Russia: almeno mille osservatori per presidenziali 18 marzo

Mosca, 28 feb. (askanews) – C’è un interesse senza precedenti degli osservatori alle elezioni presidenziali in Russia e sono 1.000 osservatori da varie missioni secondo Ella Pamfilova, a capo della Commissione elettorale centrale russa. “Saranno almeno un migliaio gli osservatori” ha detto. “Ricevo lettere da molti che chiedono di poter venire. Un interesse senza precedenti per queste elezioni”, ha dichiarato il capo della Commissione.

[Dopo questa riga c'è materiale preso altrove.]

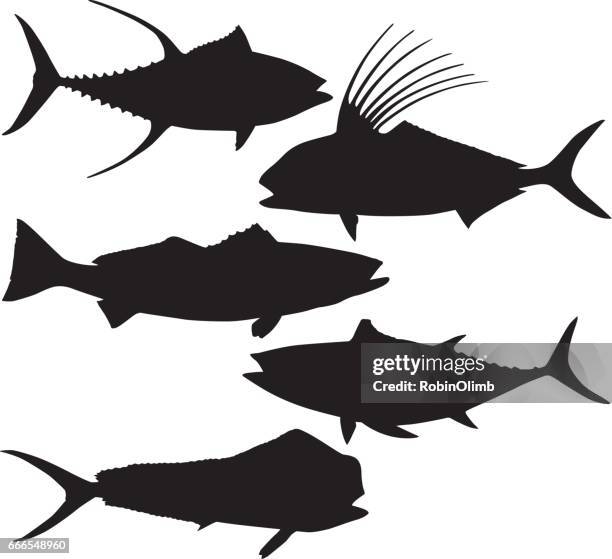 ilustraciones, imágenes clip art, dibujos animados e iconos de stock de siluetas de peces - bonito del norte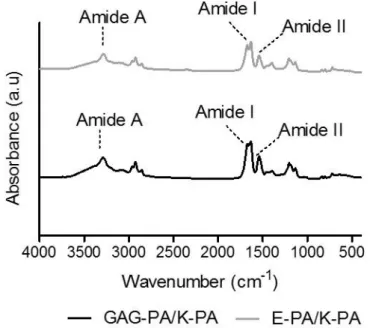 Figure  2.8  FTIR  spectra  of  PA  nanofibers.  Both  peptides  displayed  amide  I  peaks  located in 1630–1640 cm − 1  region, suggesting β-sheet formation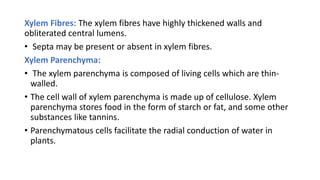 Xylem Fibres: The xylem fibres have highly thickened walls and
obliterated central lumens.
• Septa may be present or absent in xylem fibres.
Xylem Parenchyma:
• The xylem parenchyma is composed of living cells which are thin-
walled.
• The cell wall of xylem parenchyma is made up of cellulose. Xylem
parenchyma stores food in the form of starch or fat, and some other
substances like tannins.
• Parenchymatous cells facilitate the radial conduction of water in
plants.
 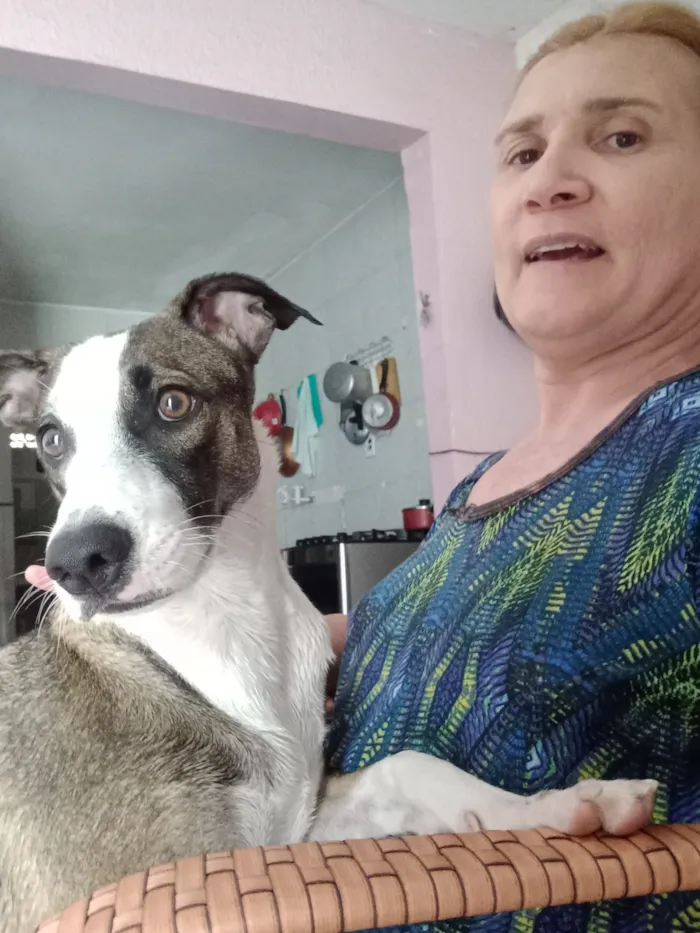 Cachorro raça SRD-ViraLata idade 3 anos nome nega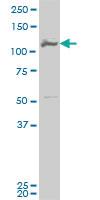 Anti-MCM3 Mouse Monoclonal Antibody [clone: 2A11]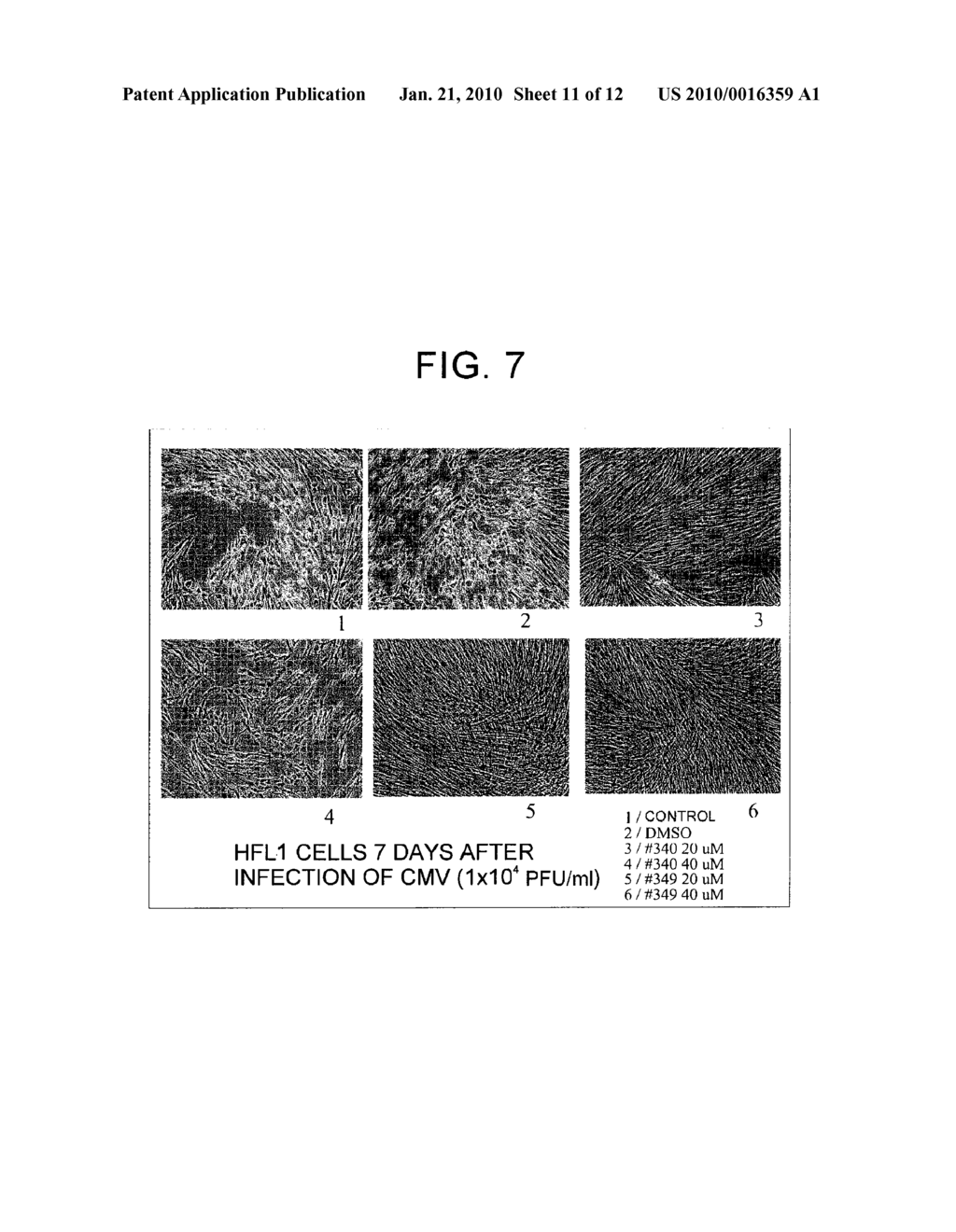 METHODS FOR CONTROLLING SR PROTEIN PHOSPHORYLATION, AND ANTIVIRAL AGENTS WHOSE ACTIVE INGREDIENTS COMPRISE AGENTS THAT CONTROL SR PROTEIN ACTIVITY - diagram, schematic, and image 12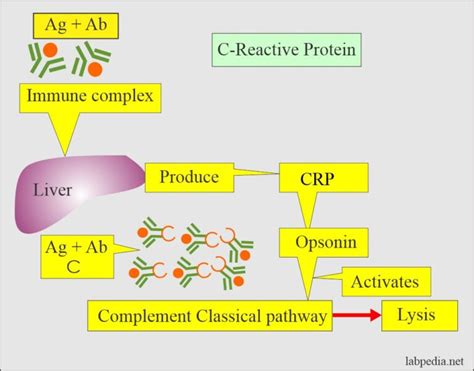 C Reactive Protein Crp High Sensitivity C Reactive Protein Hs Crp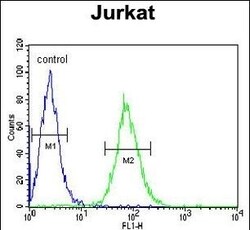 Invitrogen GGNBP2 Polyclonal Antibody 400 &mu;L; Unconjugated:Antibodies,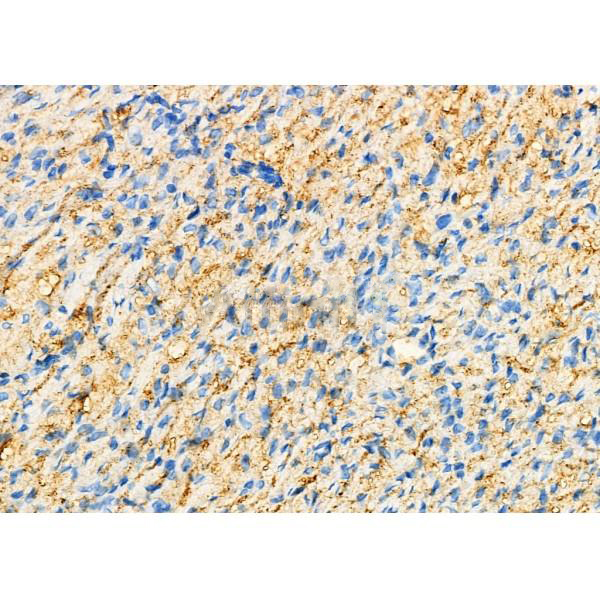 Donkey Anti-Goat IgG antibody (HRP). GTX232040-01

In particolare saranno quasi 500 gli osservatori Osce, guidati da Jan Petersen alle presidenziali in Russia. Petersen ha capeggiato una serie di missioni analoghe per conto dell’Organizzazione per la sicurezza e la cooperazione e dell’Ufficio europeo per le istituzioni democratiche e i diritti umani (ODIHR), specie nei Paesi postcomunisti.

La missione dell’Osce / Odihr, guidata dall’ambasciatore Jan Petersen, è composta da 13 esperti internazionali con sede a Mosca. Inoltre, dall’11 febbraio sono dispiegati 60 osservatori a lungo termine in tutto il paese. La missione di osservazione elettorale valuterà le elezioni presidenziali per il rispetto degli impegni OSCE e altri obblighi e norme internazionali per le elezioni democratiche, nonché con la legislazione nazionale.

L’Osce / Odihr, che ha osservato nove elezioni russe dal 1996, l’ultima per la Duma di Stato del 2016, ha chiesto inoltre l’invio di 420 osservatori a breve termine prima delle elezioni del 18 marzo. Gli osservatori a breve termine saranno schierati in tutto il paese in squadre multinazionali di due persone per monitorare l’apertura dei seggi elettorali, il voto, il conteggio dei voti e la tabulazione dei risultati.

Le elezioni presidenziali si terranno il 18 marzo. Ufficialmente otto persone sono state registrate come candidati alla presidenza: Sergei Baburin (del partito “Unione popolare russa”), Paul Grudinin (Partito Comunista delle Federazione russa), Vladimir Zhirinovsky (Ldpr), Vladimir Putin (indipendente), Ksenia Sobchak (Iniziativa civile), Maxim Suraykin (Comunisti di Russia), Boris Titov (Partito della Crescita), Grigory Yavlinsky (Mela).